▶ What the task asks: Starting from the line containing "Pure White 2023", write out the rest of the entries exactly, through the final line, including nothing else.

(Stored entries)
----------
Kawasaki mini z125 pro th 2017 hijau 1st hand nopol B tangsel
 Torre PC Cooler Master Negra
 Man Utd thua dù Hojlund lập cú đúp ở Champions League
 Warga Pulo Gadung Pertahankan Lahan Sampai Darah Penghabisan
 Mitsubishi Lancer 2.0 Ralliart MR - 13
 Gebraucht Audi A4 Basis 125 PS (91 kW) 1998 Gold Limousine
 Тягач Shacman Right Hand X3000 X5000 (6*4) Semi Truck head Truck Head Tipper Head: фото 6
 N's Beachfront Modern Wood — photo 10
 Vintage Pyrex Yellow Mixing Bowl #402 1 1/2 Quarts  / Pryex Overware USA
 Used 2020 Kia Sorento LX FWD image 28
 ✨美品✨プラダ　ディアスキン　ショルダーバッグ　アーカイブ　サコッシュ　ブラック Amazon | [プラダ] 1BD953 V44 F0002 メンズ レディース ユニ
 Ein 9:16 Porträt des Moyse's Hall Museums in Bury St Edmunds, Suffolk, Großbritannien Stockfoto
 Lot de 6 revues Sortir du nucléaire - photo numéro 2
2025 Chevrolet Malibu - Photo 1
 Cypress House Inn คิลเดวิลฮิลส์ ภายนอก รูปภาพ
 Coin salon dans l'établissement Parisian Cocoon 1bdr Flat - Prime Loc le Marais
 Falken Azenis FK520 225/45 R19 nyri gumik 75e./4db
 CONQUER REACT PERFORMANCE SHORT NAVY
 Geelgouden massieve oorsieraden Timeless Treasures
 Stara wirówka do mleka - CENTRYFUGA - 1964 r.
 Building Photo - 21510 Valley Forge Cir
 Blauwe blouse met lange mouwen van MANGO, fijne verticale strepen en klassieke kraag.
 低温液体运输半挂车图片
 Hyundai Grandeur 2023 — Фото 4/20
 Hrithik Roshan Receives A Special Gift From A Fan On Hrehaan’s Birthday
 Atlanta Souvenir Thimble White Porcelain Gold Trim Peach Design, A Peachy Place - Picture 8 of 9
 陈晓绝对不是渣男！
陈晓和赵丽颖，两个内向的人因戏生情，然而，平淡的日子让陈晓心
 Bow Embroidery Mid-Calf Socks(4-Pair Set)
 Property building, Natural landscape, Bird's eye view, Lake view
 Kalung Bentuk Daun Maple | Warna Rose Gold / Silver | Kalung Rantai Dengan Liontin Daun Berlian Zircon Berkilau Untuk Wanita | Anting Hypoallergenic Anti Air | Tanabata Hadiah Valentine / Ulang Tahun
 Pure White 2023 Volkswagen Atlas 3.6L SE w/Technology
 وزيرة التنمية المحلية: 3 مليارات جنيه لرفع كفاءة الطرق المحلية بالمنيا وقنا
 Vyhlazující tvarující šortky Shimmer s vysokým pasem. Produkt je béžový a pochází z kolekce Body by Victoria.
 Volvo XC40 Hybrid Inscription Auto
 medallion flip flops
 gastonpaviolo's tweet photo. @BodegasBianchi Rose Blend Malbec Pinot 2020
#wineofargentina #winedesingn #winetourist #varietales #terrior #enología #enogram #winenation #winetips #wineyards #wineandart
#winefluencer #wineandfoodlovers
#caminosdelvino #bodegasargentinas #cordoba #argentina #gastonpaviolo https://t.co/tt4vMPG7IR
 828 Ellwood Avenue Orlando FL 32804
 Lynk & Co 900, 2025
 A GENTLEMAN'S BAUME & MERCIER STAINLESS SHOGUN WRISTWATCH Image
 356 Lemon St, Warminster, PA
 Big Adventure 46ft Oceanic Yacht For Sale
----------
▶ Task result:
 Pure White 2023 Volkswagen Atlas 3.6L SE w/Technology
 وزيرة التنمية المحلية: 3 مليارات جنيه لرفع كفاءة الطرق المحلية بالمنيا وقنا
 Vyhlazující tvarující šortky Shimmer s vysokým pasem. Produkt je béžový a pochází z kolekce Body by Victoria.
 Volvo XC40 Hybrid Inscription Auto
 medallion flip flops
 gastonpaviolo's tweet photo. @BodegasBianchi Rose Blend Malbec Pinot 2020
#wineofargentina #winedesingn #winetourist #varietales #terrior #enología #enogram #winenation #winetips #wineyards #wineandart
#winefluencer #wineandfoodlovers
#caminosdelvino #bodegasargentinas #cordoba #argentina #gastonpaviolo https://t.co/tt4vMPG7IR
 828 Ellwood Avenue Orlando FL 32804
 Lynk & Co 900, 2025
 A GENTLEMAN'S BAUME & MERCIER STAINLESS SHOGUN WRISTWATCH Image
 356 Lemon St, Warminster, PA
 Big Adventure 46ft Oceanic Yacht For Sale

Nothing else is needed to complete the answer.